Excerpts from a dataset
++++++++++++++++++++
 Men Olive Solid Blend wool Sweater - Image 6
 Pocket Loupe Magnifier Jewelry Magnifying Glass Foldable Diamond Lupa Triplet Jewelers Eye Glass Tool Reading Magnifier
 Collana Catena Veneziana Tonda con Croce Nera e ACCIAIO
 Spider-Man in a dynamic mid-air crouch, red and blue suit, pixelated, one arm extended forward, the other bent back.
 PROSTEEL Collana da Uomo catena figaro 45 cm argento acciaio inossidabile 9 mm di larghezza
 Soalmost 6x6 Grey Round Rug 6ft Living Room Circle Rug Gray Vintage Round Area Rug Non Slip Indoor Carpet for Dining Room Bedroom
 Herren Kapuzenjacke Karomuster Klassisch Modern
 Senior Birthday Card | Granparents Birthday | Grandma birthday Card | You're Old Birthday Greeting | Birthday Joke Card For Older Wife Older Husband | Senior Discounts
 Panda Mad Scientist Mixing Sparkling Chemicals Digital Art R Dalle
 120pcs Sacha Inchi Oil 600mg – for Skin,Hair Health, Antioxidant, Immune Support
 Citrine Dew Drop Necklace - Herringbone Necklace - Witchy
++++++++++++++++++++
WHAT IS EXPECTED
Transcribe nothing except the lines from the one with "Collana Catena Veneziana" through the end of the data above, each exactly as it appears.

RESPONSE BELOW
 Collana Catena Veneziana Tonda con Croce Nera e ACCIAIO
 Spider-Man in a dynamic mid-air crouch, red and blue suit, pixelated, one arm extended forward, the other bent back.
 PROSTEEL Collana da Uomo catena figaro 45 cm argento acciaio inossidabile 9 mm di larghezza
 Soalmost 6x6 Grey Round Rug 6ft Living Room Circle Rug Gray Vintage Round Area Rug Non Slip Indoor Carpet for Dining Room Bedroom
 Herren Kapuzenjacke Karomuster Klassisch Modern
 Senior Birthday Card | Granparents Birthday | Grandma birthday Card | You're Old Birthday Greeting | Birthday Joke Card For Older Wife Older Husband | Senior Discounts
 Panda Mad Scientist Mixing Sparkling Chemicals Digital Art R Dalle
 120pcs Sacha Inchi Oil 600mg – for Skin,Hair Health, Antioxidant, Immune Support
 Citrine Dew Drop Necklace - Herringbone Necklace - Witchy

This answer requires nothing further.